* TASK INSTRUCTIONS: Write out an exact copy of the line containing "Helen's Countryside House" and all lines that follow it in the data below, leaving out pictures.

* INPUT DATA:
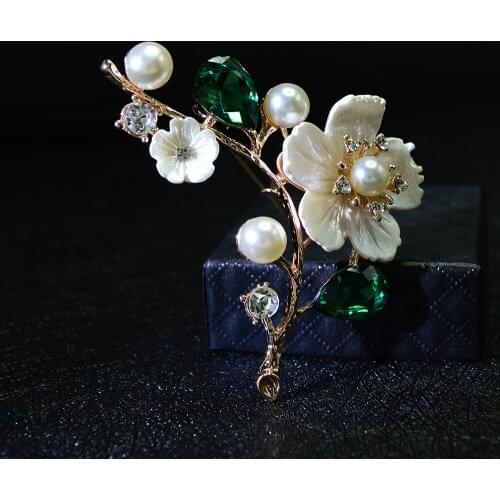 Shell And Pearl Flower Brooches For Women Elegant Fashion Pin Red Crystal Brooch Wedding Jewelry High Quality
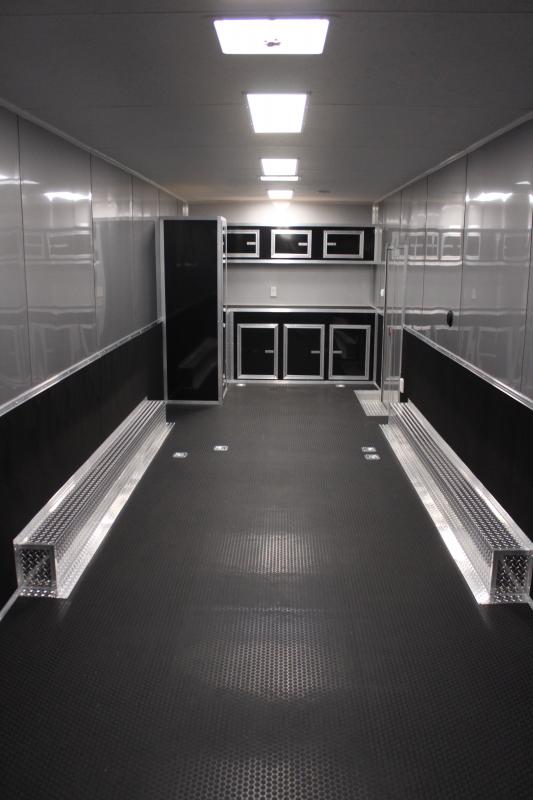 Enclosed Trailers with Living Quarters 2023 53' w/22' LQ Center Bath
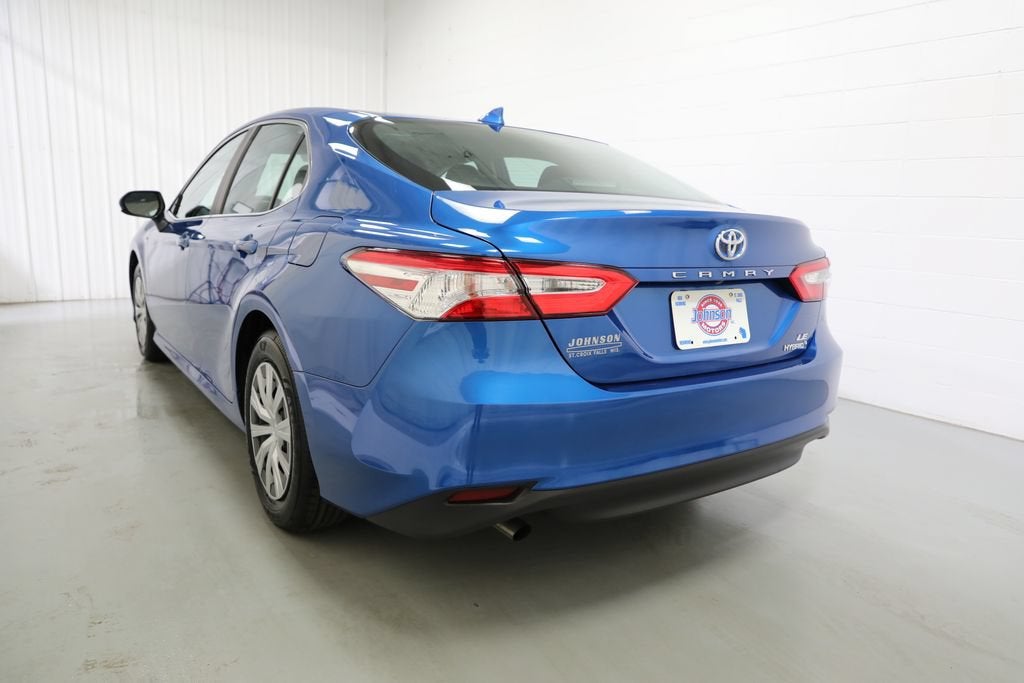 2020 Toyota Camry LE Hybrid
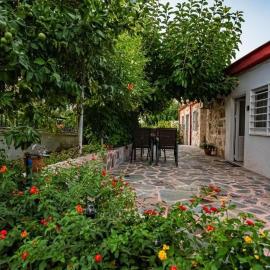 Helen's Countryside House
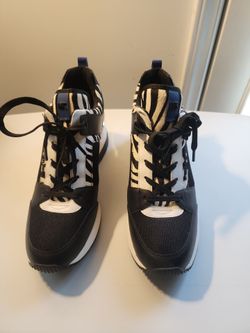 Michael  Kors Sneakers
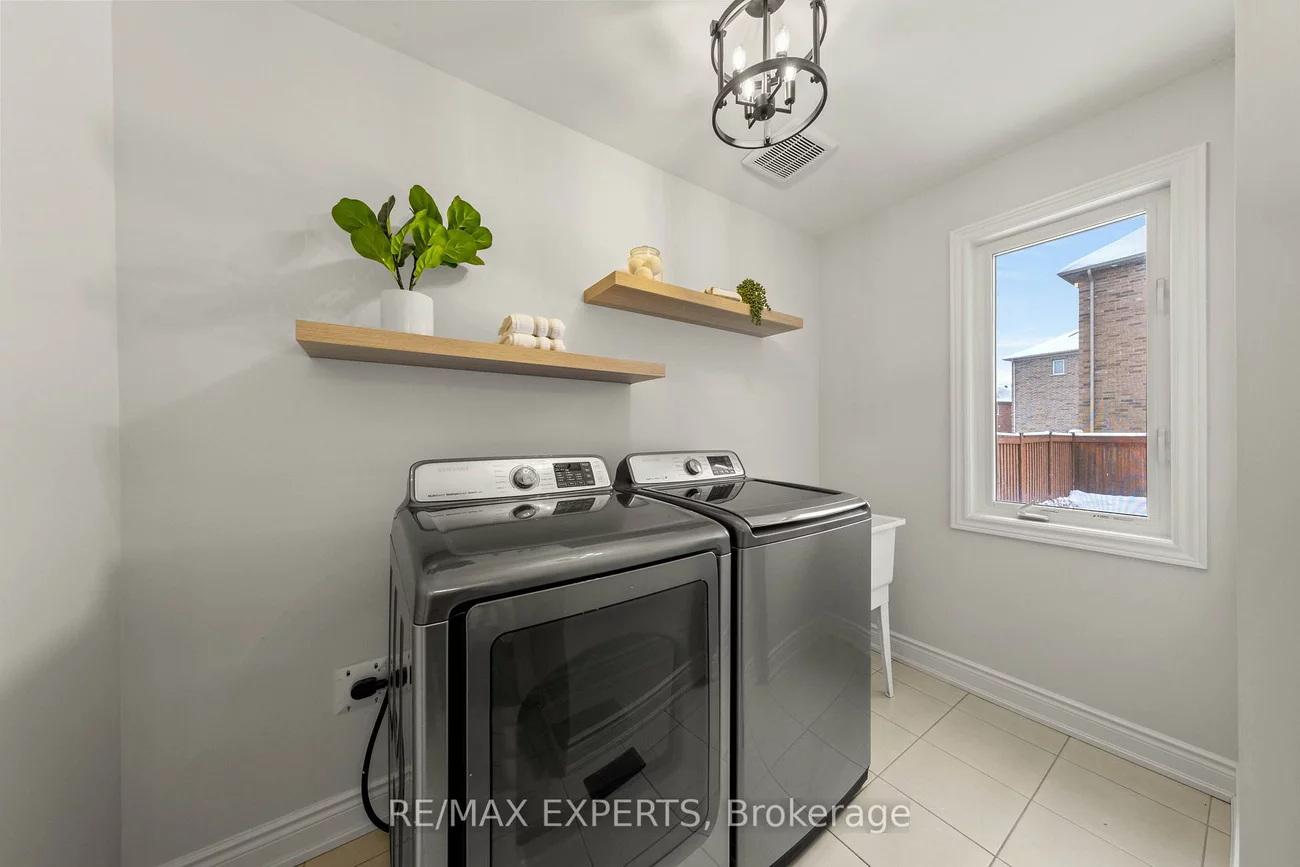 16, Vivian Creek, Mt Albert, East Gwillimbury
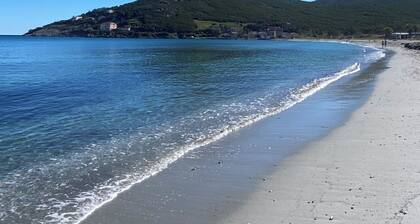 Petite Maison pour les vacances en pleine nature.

* FINAL ANSWER:
 Helen's Countryside House
 Michael  Kors Sneakers
 16, Vivian Creek, Mt Albert, East Gwillimbury
 Petite Maison pour les vacances en pleine nature.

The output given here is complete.